WHAT NEEDS TO BE DONE » Every line below should be copied exactly; drop the pictures.

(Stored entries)
####################

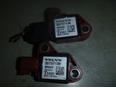 Датчик AIR BAG для Volvo C30 2006-2013;S40 2004-2012;V50 2004-2012;S80 2006-2016;C70 2006-2013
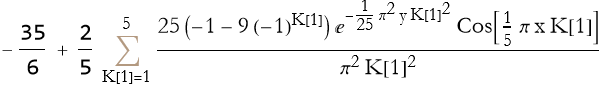 l7_286.png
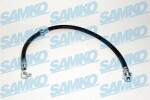 SAMKO Pidurivoolik 6T48503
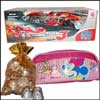 Race of Joy - Click here to View more details about this Product
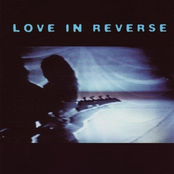 Another One for You to Hate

####################

REPLY TO THE TASK »
 Датчик AIR BAG для Volvo C30 2006-2013;S40 2004-2012;V50 2004-2012;S80 2006-2016;C70 2006-2013
 l7_286.png
 SAMKO Pidurivoolik 6T48503
 Race of Joy - Click here to View more details about this Product
 Another One for You to Hate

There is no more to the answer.